(AVAILABLE DATA Opens)

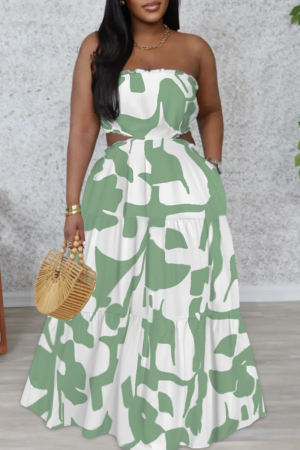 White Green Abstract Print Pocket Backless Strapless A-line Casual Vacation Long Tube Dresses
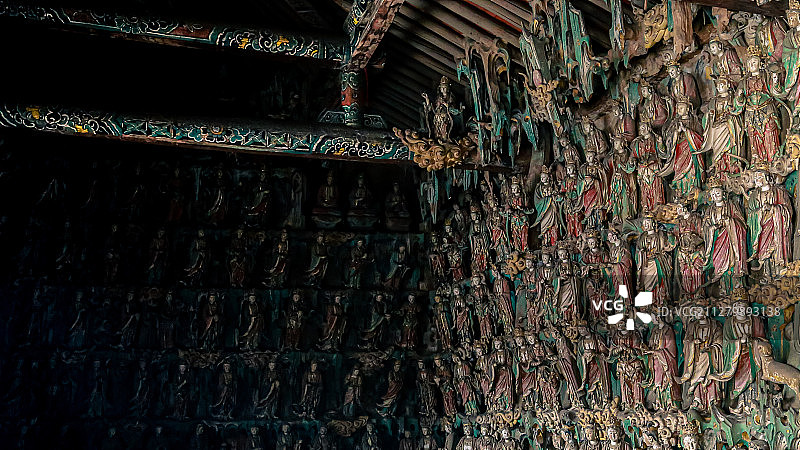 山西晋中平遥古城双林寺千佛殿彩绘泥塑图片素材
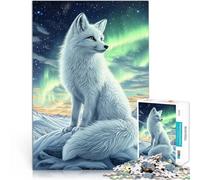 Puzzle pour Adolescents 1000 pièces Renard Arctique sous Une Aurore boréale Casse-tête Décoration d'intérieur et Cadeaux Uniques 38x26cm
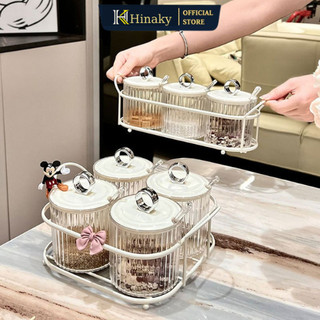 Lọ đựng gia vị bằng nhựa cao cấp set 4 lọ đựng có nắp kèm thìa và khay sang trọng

(AVAILABLE DATA Closes)

YOUR ASSIGNMENT: Apart from the pictures, repeat the data above exactly.

ANSWER SPACE:
 White Green Abstract Print Pocket Backless Strapless A-line Casual Vacation Long Tube Dresses
 山西晋中平遥古城双林寺千佛殿彩绘泥塑图片素材
 Puzzle pour Adolescents 1000 pièces Renard Arctique sous Une Aurore boréale Casse-tête Décoration d'intérieur et Cadeaux Uniques 38x26cm
 Lọ đựng gia vị bằng nhựa cao cấp set 4 lọ đựng có nắp kèm thìa và khay sang trọng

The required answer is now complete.